In yesterday’s Autumn Statement, George Osborne said that there would be a consultation on the proposal, which it is hoped will encourage investment into growing businesses.
Companies listed on the AIM (Alternative Investment Market) have fewer regulatory requirements than their large cap counterparts and are usually seen as less liquid and more risky.
However, Adrian Lowcock (pictured), senior investment manager at Hargreaves Lansdown, says that it is a logical step for the stocks to be included in ISAs because investors can already use the tax wrapper to gain exposure to areas of the market that are just as volatile.

"Nowadays, investors can access exchange traded funds and gain exposure to emerging markets and frontier markets through their ISA; these are arguably just as risky as AIM shares. So I think the AIM being left out is a bit of an anomaly, almost a piece of legacy legislation."
"It makes sense as the main concept of investing is that the greater risk available will allow for the greater reward. Also, if you can gain exposure to these risks with tax benefits, it is certainly a good idea for some."
Gavin Oldham, chief executive of The Share Centre, has pushed for AIM shares to be made available through ISAs for some time and argues there is no acceptable reason why the measure has not already been implemented.
"For years, we’ve asked for a review of the stocks UK investors have access to through their ISAs."
"Critics have argued that AIM stocks offer a level of volatility which individual investors should be protected from. However, many investors already access shares with very similar risk and volatility profiles through investing in the small cap market."
Oldham believes that this measure will not only be beneficial for investors, but will also lead to growth in the smaller end of the market.
"There is a strong economic case for allowing personal investors greater access to the AIM market. Osborne’s comment that 'Britain is open for business' should mean that UK investors get a greater chance to invest in UK companies."
"This change would bring a new lease of life to the AIM secondary market, enabling AIM-listed shares to raise primary funding more easily.

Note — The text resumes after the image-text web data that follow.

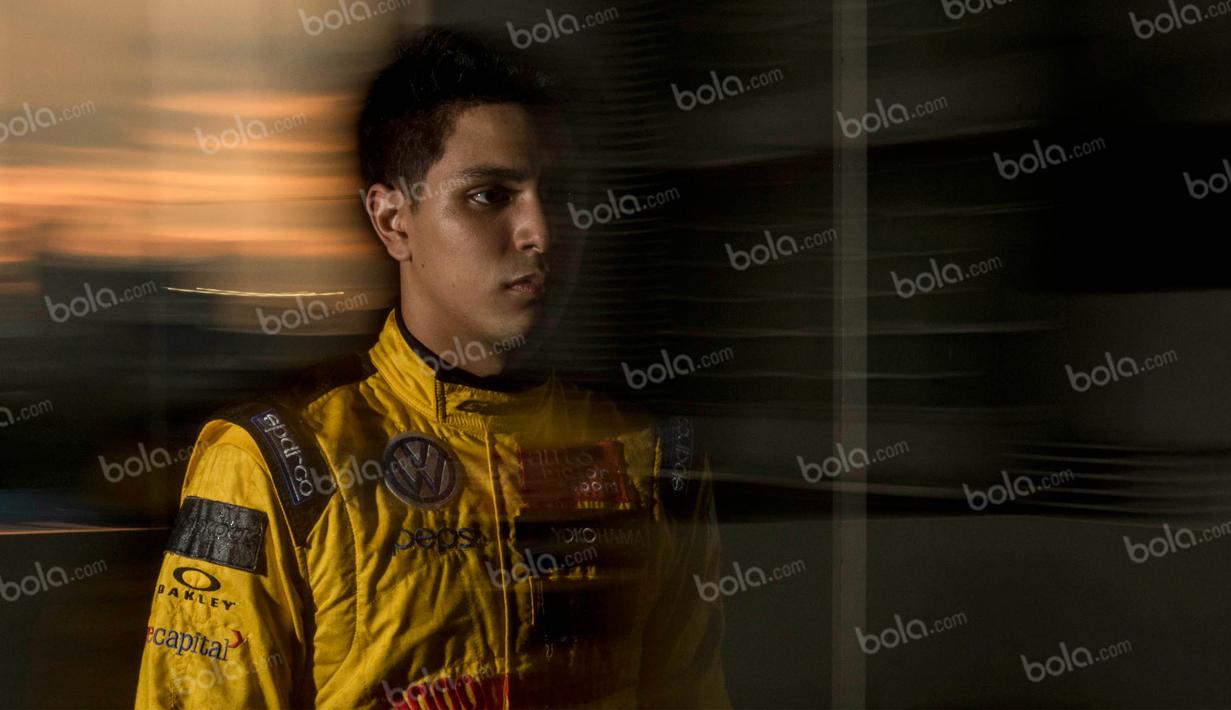 Pada awal kariernya, Philo Paz Armand, pernah menjadi juara umum Indonesian Karting Championship di Junior Class. (Bola.com/Vitalis Yogi Trisna)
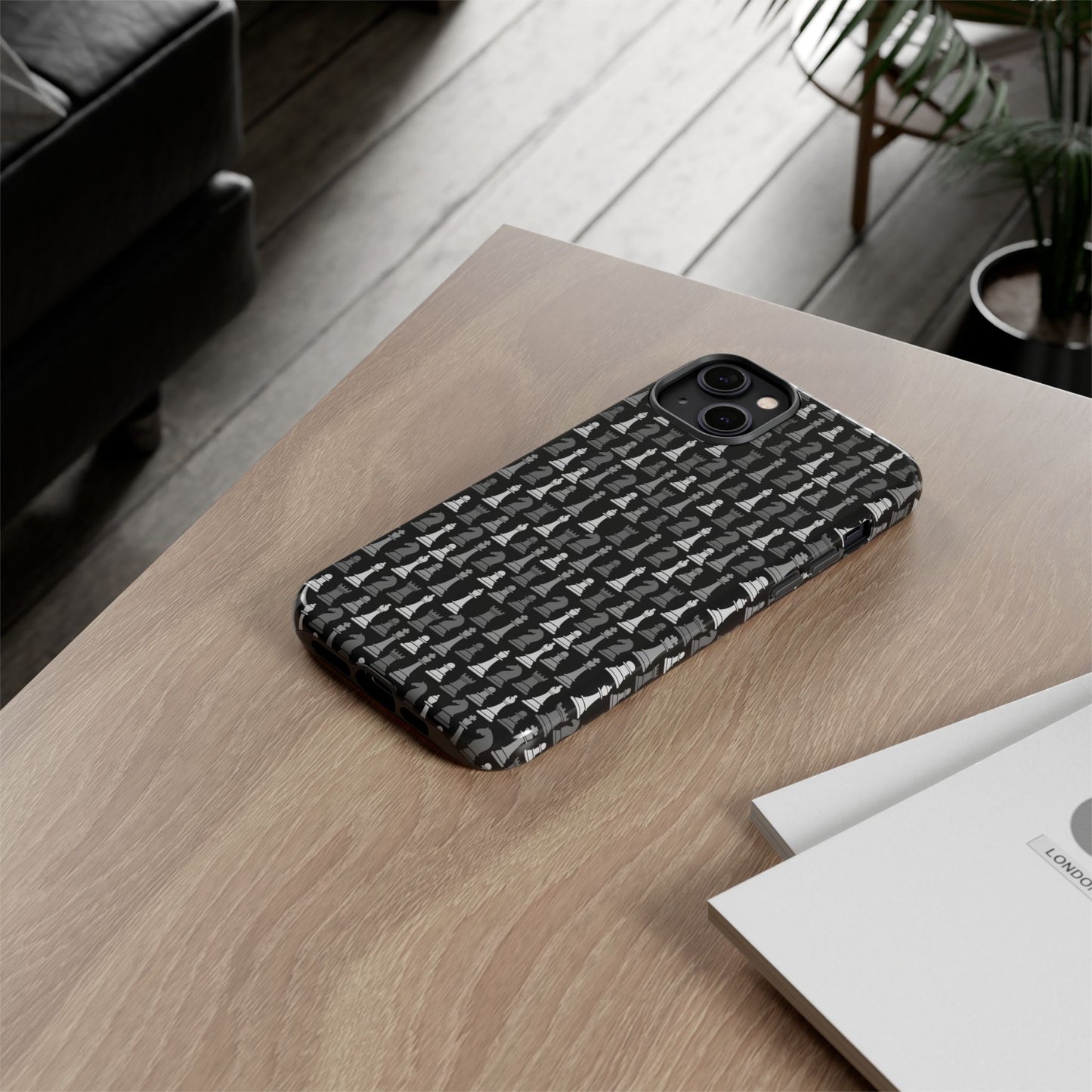 Chess Phone Case - Bold Black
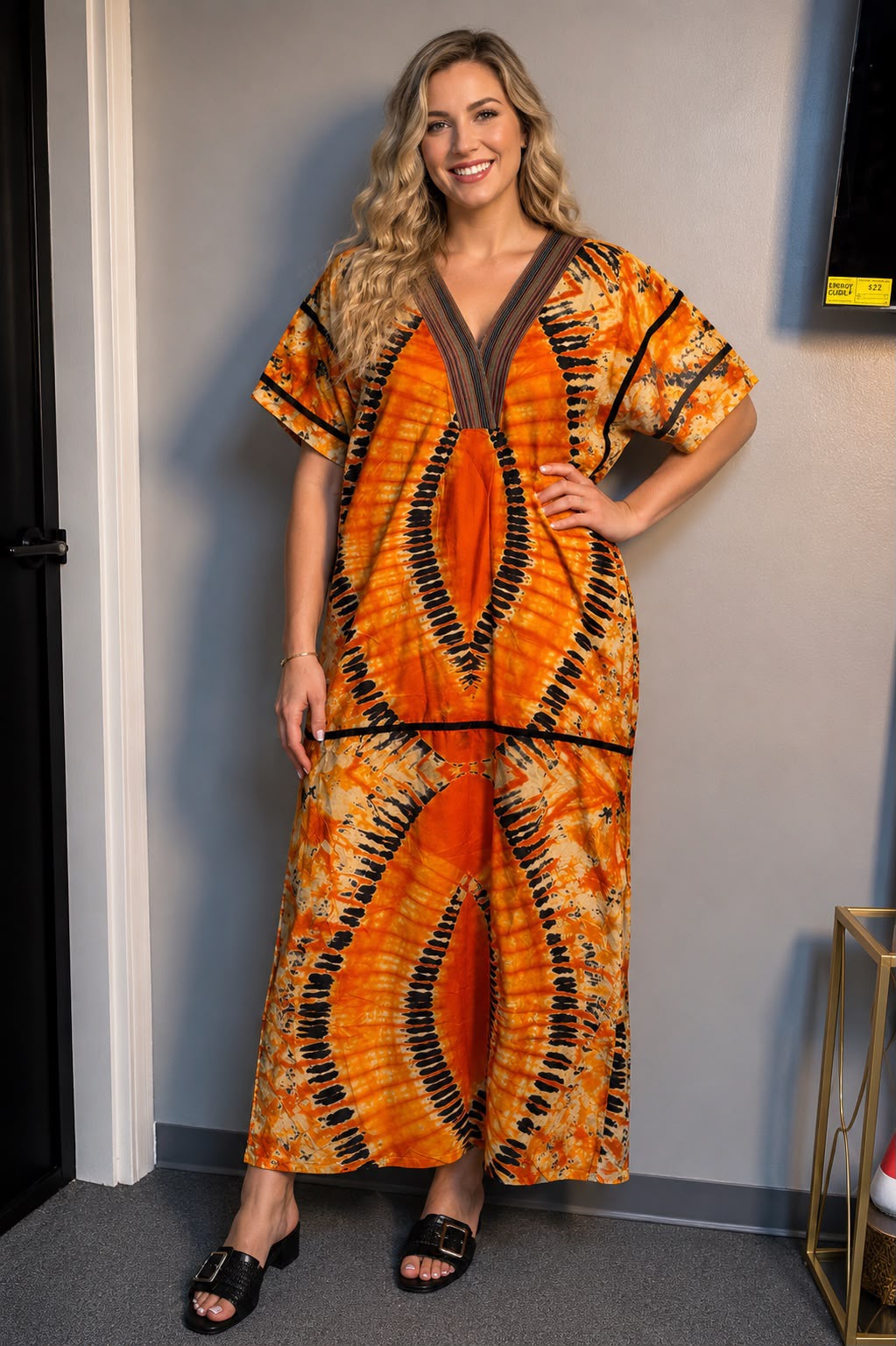 Sunset dash maxi kaftan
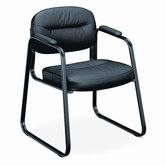 Leather Guest Side Chair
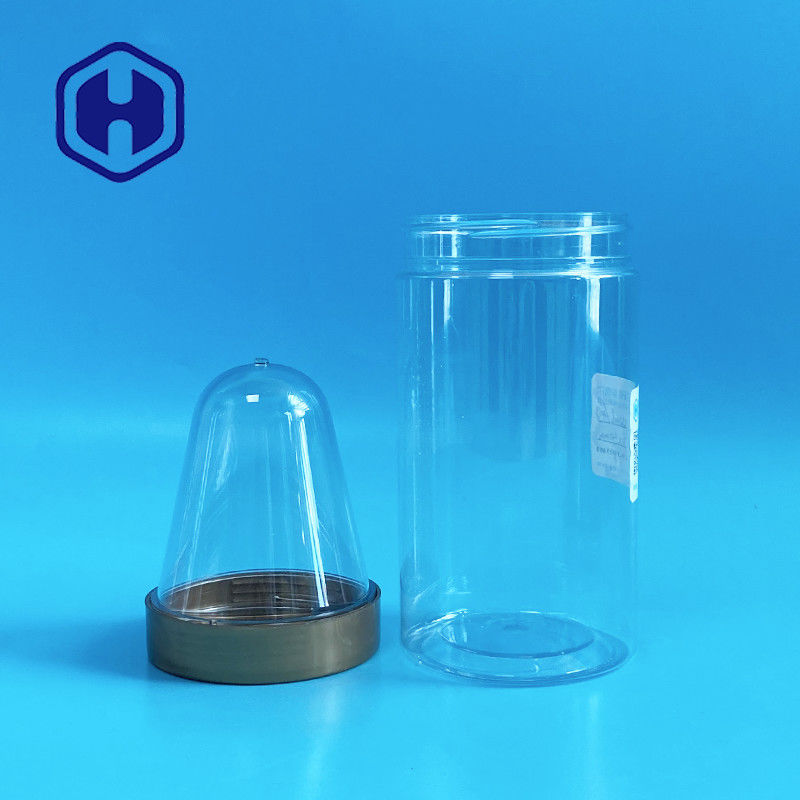 350ml Wide Mouth PET Jar Preform Neck 72mm 40g Custom Size Screw Cover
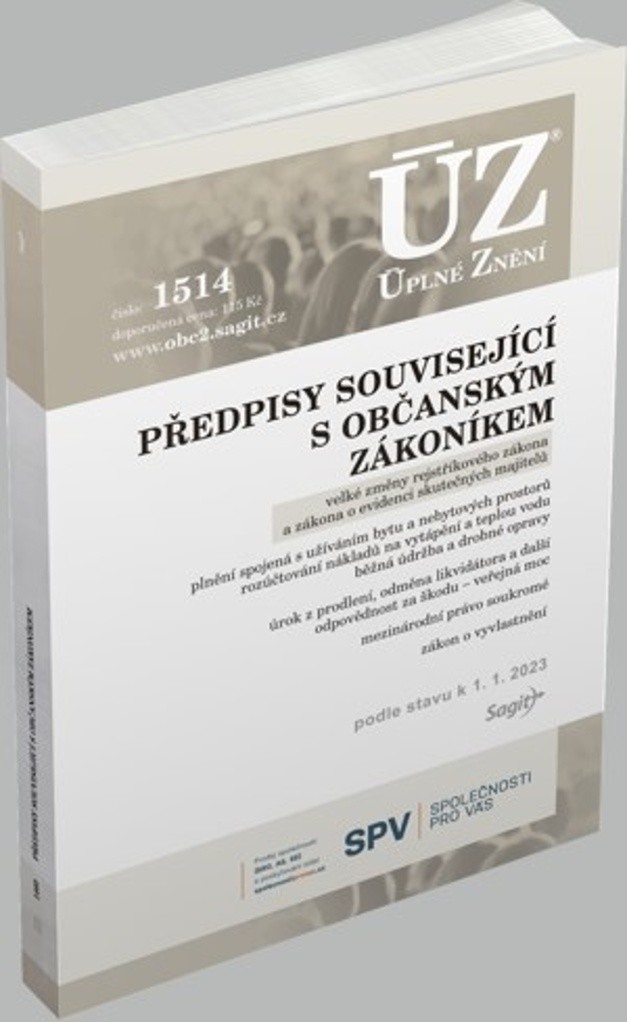 ÚZ 1514 Předpisy související s občanským zákoníkem - veřejné rejstříky, evidence skutečných majitelů, mezinárodní právo soukromé, ... 2023 - neuveden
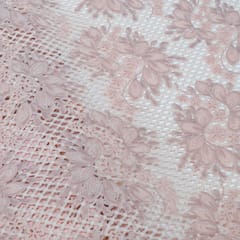 Pink Color Imported Crochet Fabric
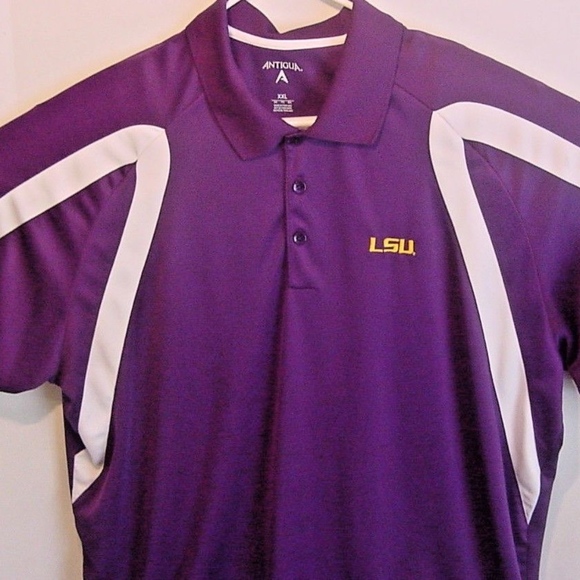 Antigua Other - Antigua LSU TIGERS Polo Shirt Purple XXL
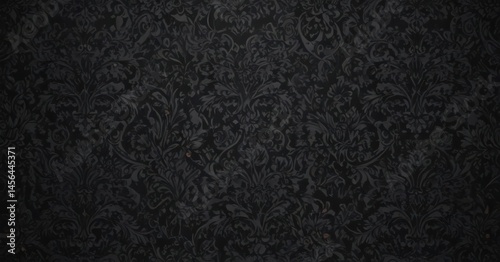 Intricate black damask wallpaper, seamless floral vines , wallpaper, dark, ornate
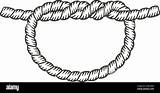 Rope Seil Overhand sketch template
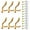 Golden, variant on GROWTH TANK 6 Pieces Heavy Duty Double Robe Hooks Handbag Bag Hanger Hooks for Towel, Jacket Black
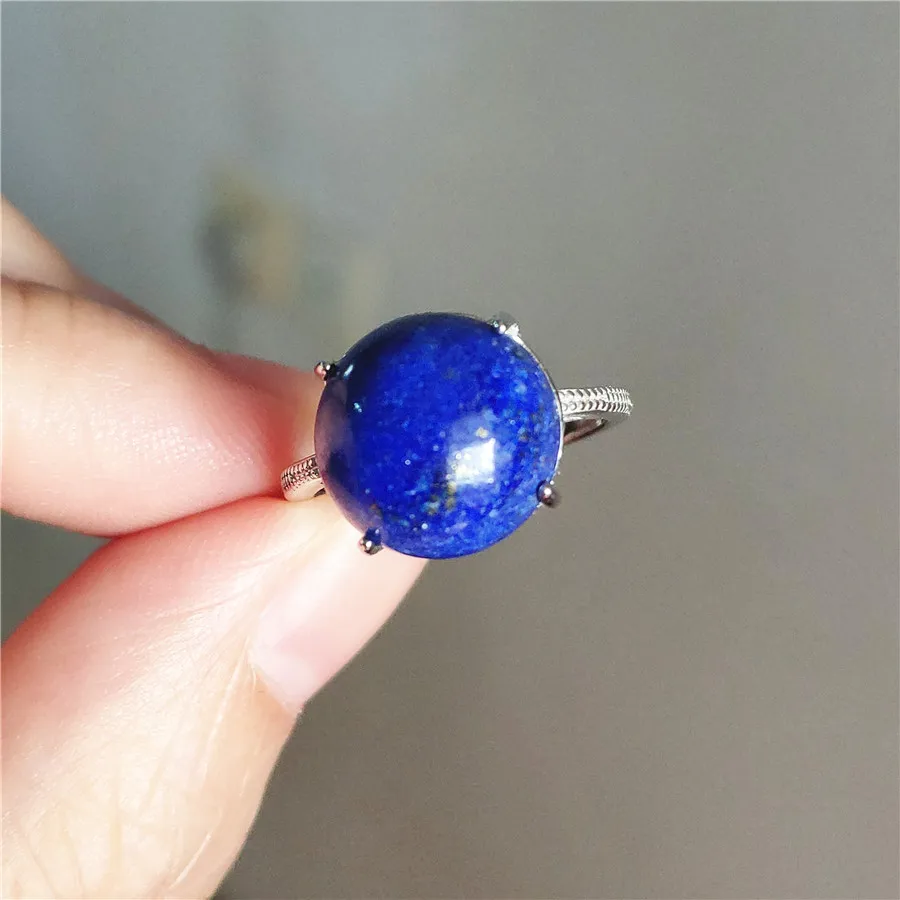Подлинное темно-синее натуральное лазуритовое кольцо для женщин и мужчин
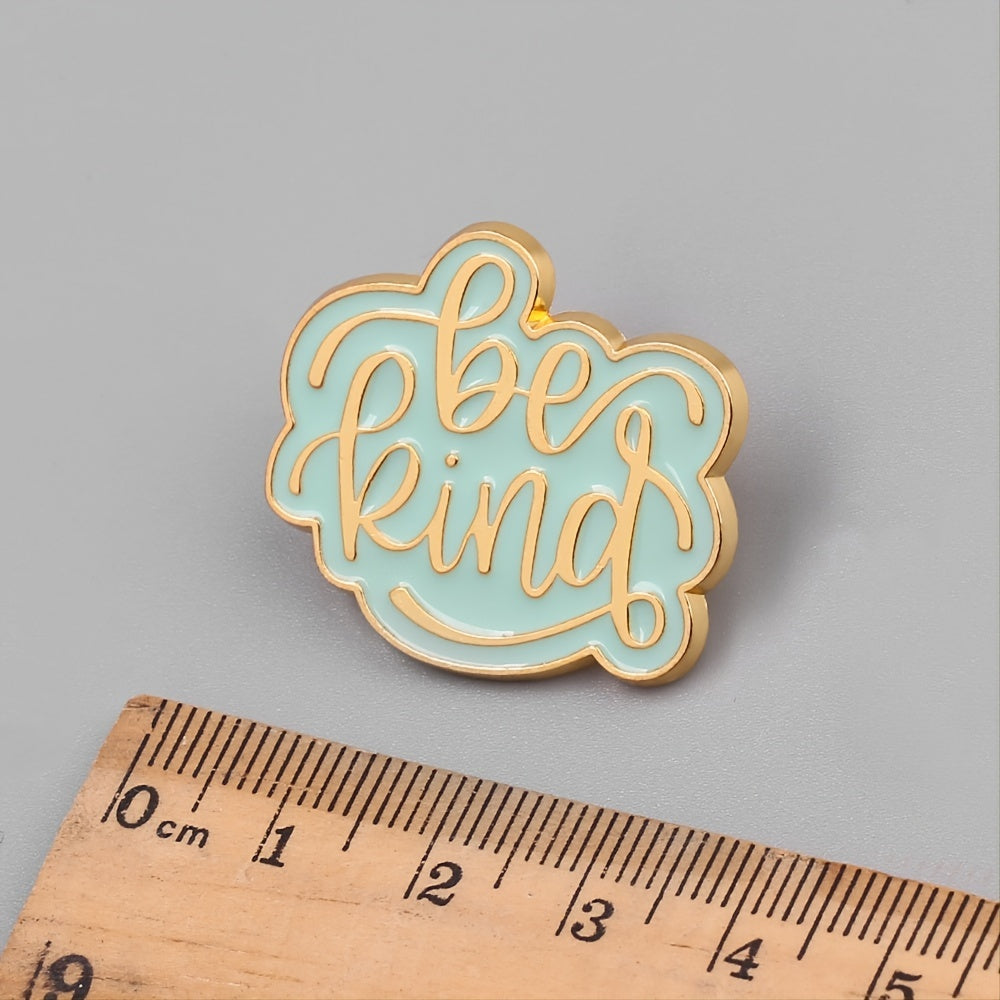 Be Kind Engraved Enamel Pin Accessory Brooch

At a time when many of these companies struggle to secure bank loans, access to equity finance is important."
"There’s no doubt that the benefits for investors are considerable," he added.
Although Lowcock believes the rule change is a good move, he says investors should approach this area of the market with caution.
"The AIM market won’t be suitable for all investors. They must understand that the AIM is a hugely volatile area of the market that is subject to changing market trends. What we have seen recently is investors pile into mining stocks, basically hoping for the next big exploration discovery."
"With individual shares, the performance over time can be very up and down. One year they could make 100 per cent, the next they could lose 95 per cent. So the chances of making money should also be balanced by the possibility of losing it."
Therefore Lowcock advocates a diversified approach to including AIM shares in investors’ portfolios, preferably through a proven stock-picking fund manager.
"Investors can already access the AIM market indirectly through certain funds anyway."
"What you want is a top stock picker who can make that decision for you. A quality active manager adds so much value to your portfolio, but you also need a good adviser or analyst to make sure you get the best out there."
"Basically, you need them to separate the wheat from the chaff," Lowcock added.
Paul Mumford, who manages the Cavendish AIM fund, agrees that the plans are to be welcomed, but adds his voice to those calling for caution, suggesting that investors consider a portfolio such as his rather than investing directly.
"There are many incentives to holding AIM shares in an ISA, but the AIM market is a risky market and investors would be wise to have a spread of interests in their portfolio," he said.